Some of the entires are still invalid because they are written in another languages, we decided to not count them. Since we already have a list of countries, we are going to use them to keep only the valid entries.

In [16]:
joined = data_countries.join(gdp, 'countries_en', how='inner').drop('Country Code', '2016')

In [26]:
joined.filter(data.origins != "").count()

45504

In [31]:
origins = joined.join(gdp, joined.origins.isin(gdp.countries_en), how='inner')

In [33]:
origins.count()

15203

In [34]:
or_pd = origins.toPandas()

In [None]:
or_pd.origins.hist()

# Plans for the Project

# Societal aspects of food 

## Relations between food quality and general health

We would first like to discover if for a given country the quality of the food that is consumed there can have an influence on the global health of this country. To this purpose we will use the nutritional coefficients grades, (maybe the average number of nocive additives) and the life expectancy data.

In [None]:
#TODO correlation coefficients between average nutritional and expectancy per country

## Relations between food quality and general wealth

We will also analyze the possible links between average food quality and the global wealth of a country. For this we will again use  the nutritional coefficients grades, (maybe the average number of nocive additives) and the GDPs.

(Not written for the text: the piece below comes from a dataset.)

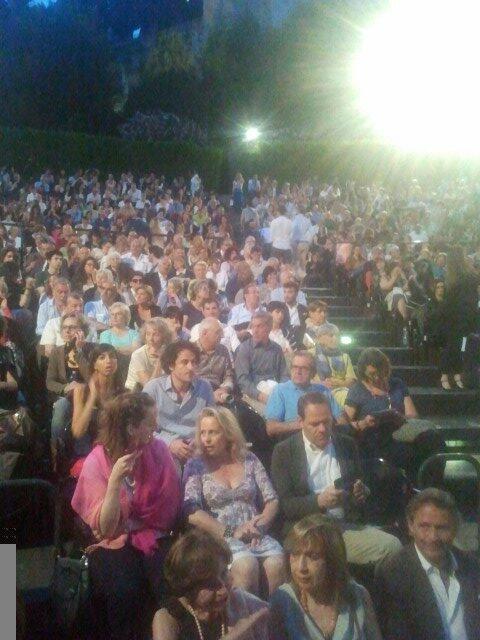 festbellezza's tweet photo. C'e' qualcunooooo?

Parrebbe di si. http://t.co/bgteQCBu9E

# Impacts of Globalization

## Consequences of globalization, case study on countries

We will take the example of concrete countries like Switzerland and France to observe how the globalization impacts the food quality of these countries. We will try to observe if the food imported from abroad to these countries is globally healthier or not than the one produced in those countries, by using data like nutritional coefficients and additives.

## Ecological footprint of globalization

We will analyze the ecological footprint of the food transport. What distance does the food travel before reaching countries like the ones we will study ? How can we quantify this footprint ?  We will use for this data from TODO FIND DATA SOURCE FOR THIS

# Conclusion

We will try to bring all our observations and analysis to make a global statement on the effects of globalization on the world and more specifically on countries like Switzerland. Do globalization impacts our environnement ? Is this globalization of food good for our health ? Should we try to eat more local or continue on this path ?